Noch heute gern gelesen aber wird die Novellensammlung „Litauische Geschichten“ (1871- 1896). Faszinierend genau hat Ernst Wichert das Land an der Memel beobachtet und geschildert - heute eine nahezu unerschöpfliche Quelle über Lebensart und Lebensweise im 19. Jahrhundert. „Es sind Dorfgeschichten, wie sie damals literarische Mode waren“, erläutert Prof. Dr. Helmut Motekat in seiner „Ostpreußischen Literaturgeschichte“ (München 1977) die „Litauischen Geschichten“ des „Richters und Dichters“ aus Insterburg. „Aber es sind Dorfgeschichten von eigener Art und eigentümlichem Reiz. Der bis dahin unbekannte Nordosten Ostpreußens und seine alteingesessenen litauischen Bewohner wurden durch Wicherts ,Litauische Geschichten‘ für die Literatur des 19. Jahrhunderts entdeckt und einem größeren Publikum bekannt gemacht.“

Sein volkstümlichstes Buch aber war der dreibändige Roman „Heinrich von Plauen“ (1881), „mit dem er so etwas wie den ostpreußischen ,Kampf um Rom‘ schuf“, so Paul Fechter. „Generationen junger Menschen haben dieses Buch vom Kampf und Untergang des Retters der Marienburg verschlungen - mit Recht; trotz allem Romanhaften ist es ein Stück gestalteter deutscher Geschichte, wie wir wenige besitzen.“Interessant in diesem Zusammenhang auch die Schilderung seines Sohnes Paul, daß der Vater „... sein Stück erst klar nach kurzen Aufzeichnungen im Kopf, um es dann im Manuskript in seiner kleinen, deutlichen Schrift fast ohne Streichungen niederzuschreiben, entwarf, so daß es wie aus einem Guß dastand ...“

Den Namen Ernst Wichert aber verbindet man nicht nur mit seiner Doppelbegabung als Jurist und als Dichter. Der Name Ernst Wichert ist auch eng verbunden mit der Gründung des „Allgemeinen deutschen Schriftstellerverbandes“ (1878), dessen Statuten er entwarf, und mit dem Verein „Berliner Presse“, dessen langjähriger Vorsitzender der Ostpreuße war. Auch bemühte er sich um eine Zusammenschluß der deutschen Bühnenautoren, um deren Urheberrechte zu wahren. 1863 gründete Wichert darüber hinaus mit seinem Freund Rudolf Reicke, dem Vater des späteren Berliner Bürgermeisters Georg Reicke, die „Altpreußische Monatsschrift“, noch heute eine wertvolle Quelle für Historiker.

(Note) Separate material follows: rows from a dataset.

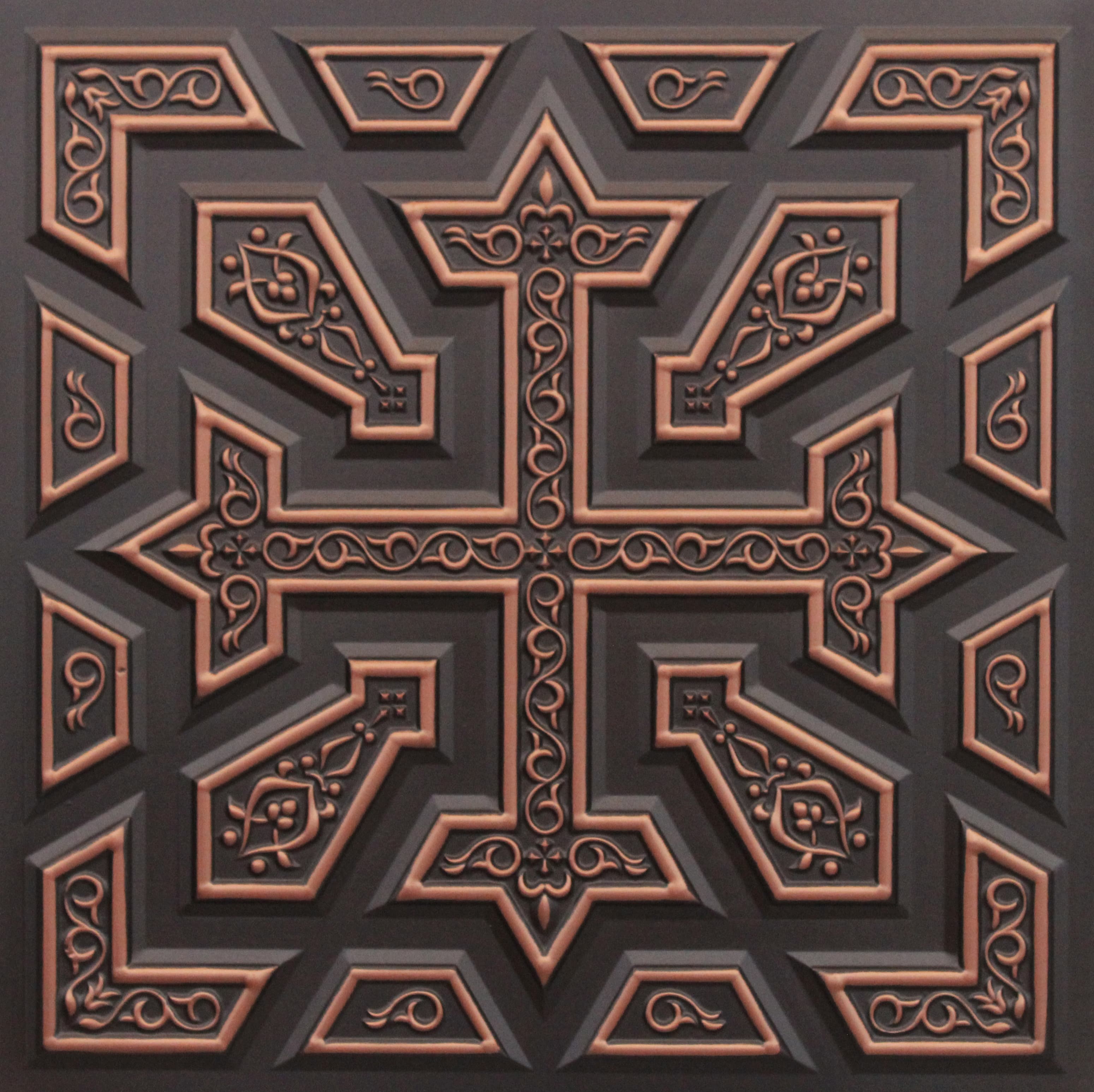 Antique Copper decorative panel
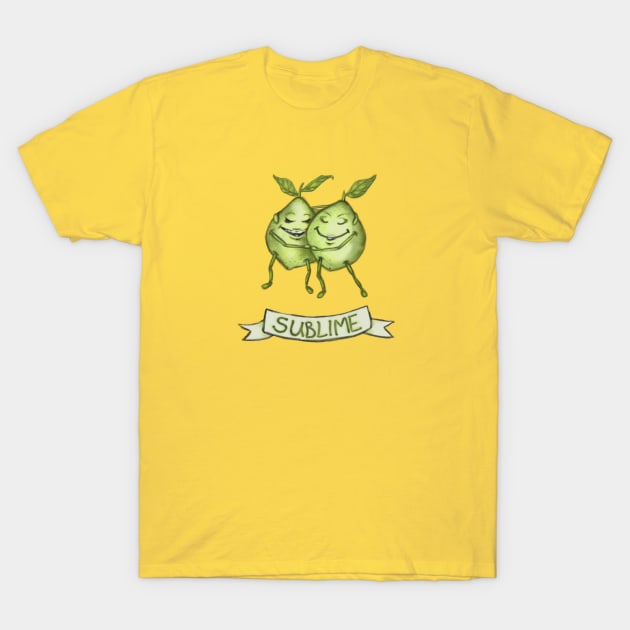 Sublime Limes T-Shirt by cheriedirksen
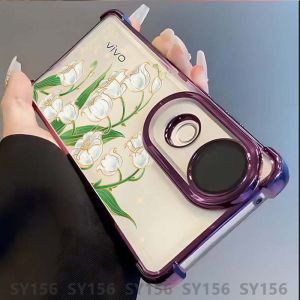 เคสVivo V50 Pro V 50 V50Pro 5G 2025 Vivo เคสกันกระแทก V40 V30 V29 V27 V29e โปร V27e 5G เคสกันกระแทกด้วยตัวปกป้องกล้องถ่ายรูปใสหนา5G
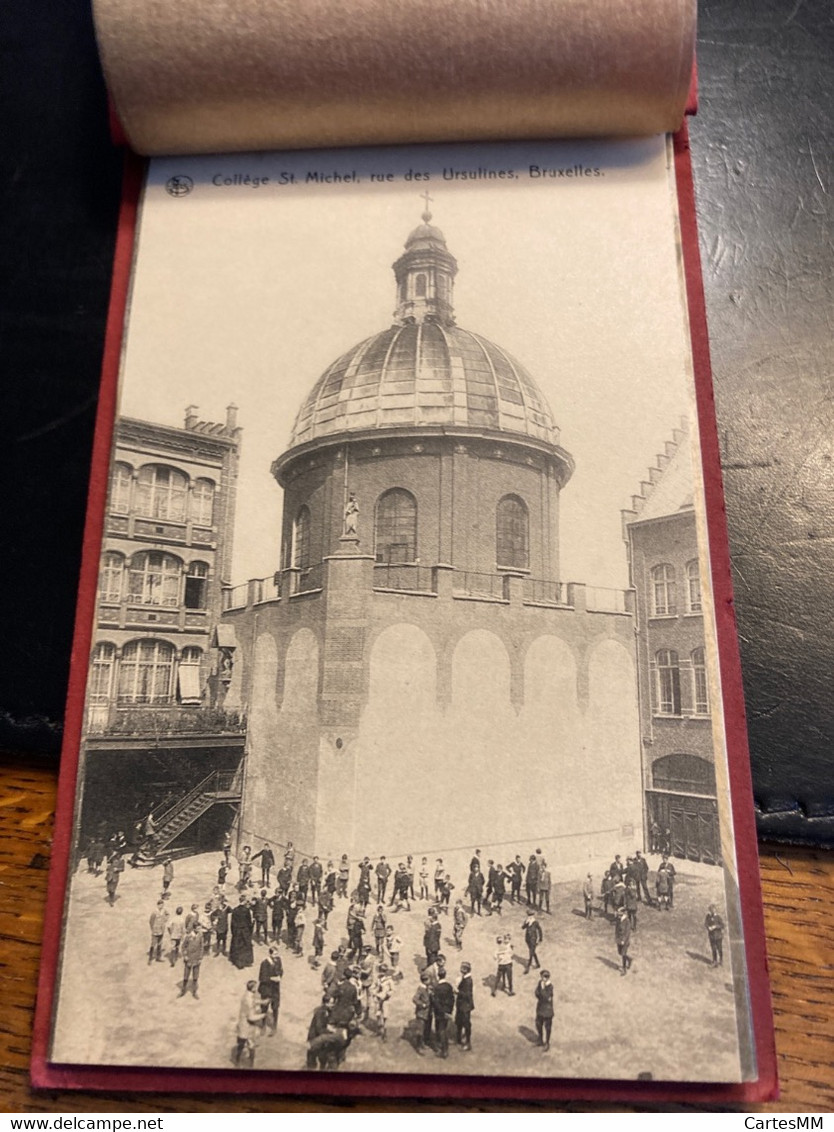 Bruxelles Collège Saint Michel Rue Des Ursulines Nels  Carnet De 8 Cartes - Etterbeek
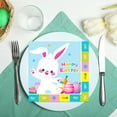 thumbnail image 1 of Qocolhg 40 Pcs Happy Easter Napkins Set Happy Easter Decorations Party Supplies Bunny Rabbit Easter Egg Paper Napkins Happy Easter Party Supplies for Easter Spring Themed Party Supplies, 1 of 6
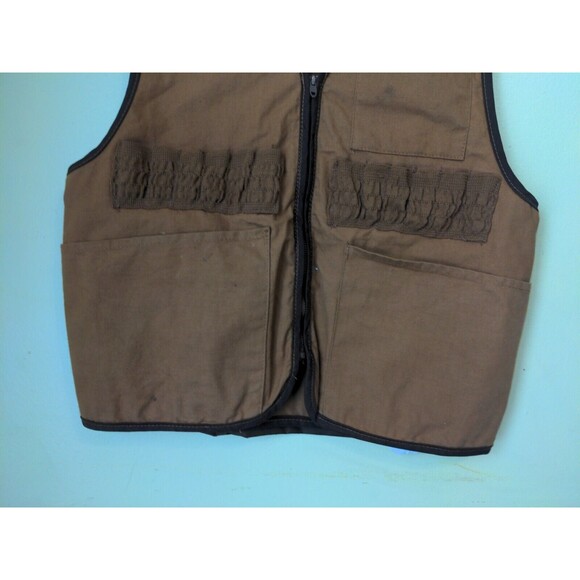 Vintage American Field Sportswear Tan Hunting Shooting Vest Trap Size Small USA - Picture 3 of 9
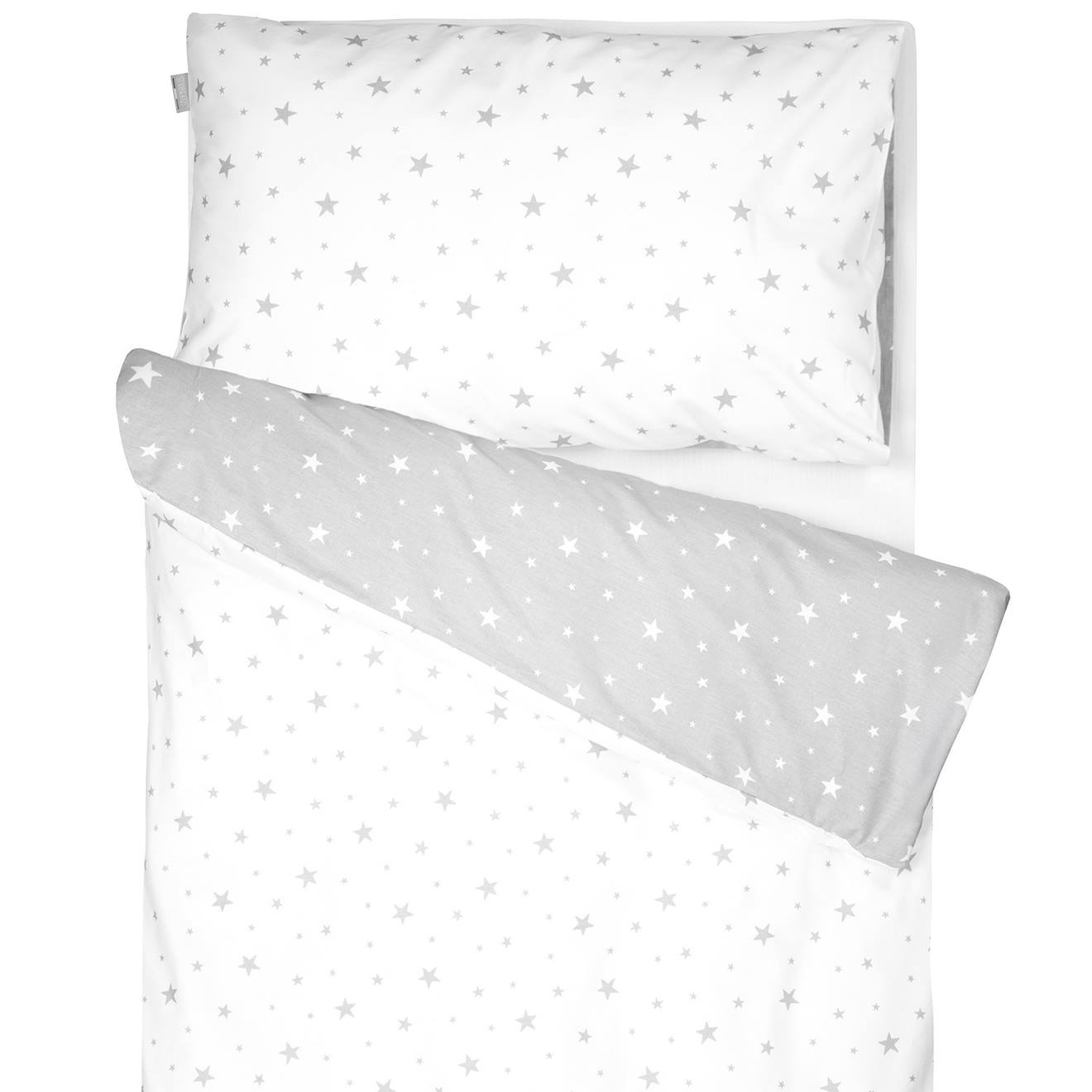 Parure De Lit Bébé Réversible En Coton Stella Blanc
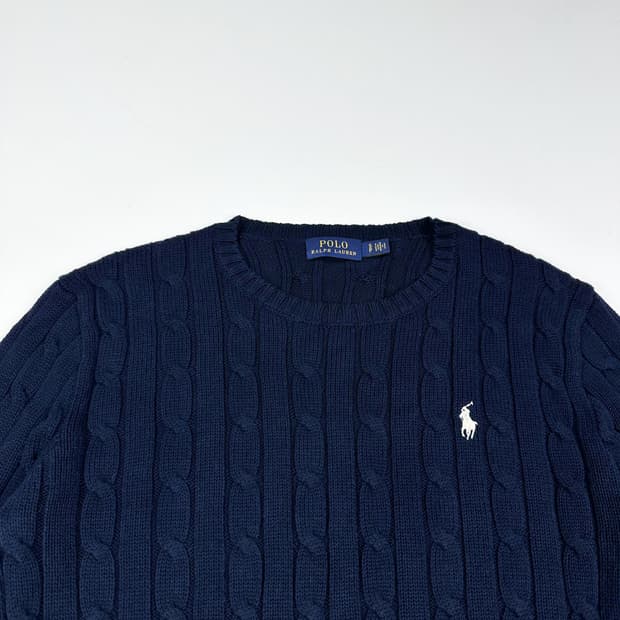 폴로 랄프로렌 포니 네이비 꽈배기 케이블니트 (S 여성추천)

Am 1. April 1896 wird Ernst Wichert in den Ruhestand versetzt; er ist 65 Jahre alt. „Ich war noch kein Arbeitsinvalide“, betont er, „und wollte auch nicht dafür gelten. Gerade noch ein paar Jahre in vollster Freiheit als Schriftsteller tätig sein zu können, war meine Hoffnung.“ Ganze sechs Jahre nur sind dem Ostpreußen vergönnt, sich diesen Traum zu erfüllen. Am 21. Januar 1902, vor nunmehr 100 Jahren, schloß er in Berlin für immer seine Augen. Seine Grabstätte auf dem Alten Zwölf-Apostel-Kirchhof wurde erst 1990 mit Hilfe der Ost- und Westpreußenstiftung in Bayern, der LO-Landesgruppe Bayern und der Heimatkreisgemeinschaft Insterburg wieder instand gesetzt. Der aus Johannisburg stammende Bildhauer und Graphiker Gerhard Wydra schuf anhand alter Fotografien eine Rekonstruktion der Bronzetafel.

In Folge 1 war ein Porträt von Ernst Wichert irrtümlich dem aus Kleinort stammenden Ernst Wiechert zugeordnet.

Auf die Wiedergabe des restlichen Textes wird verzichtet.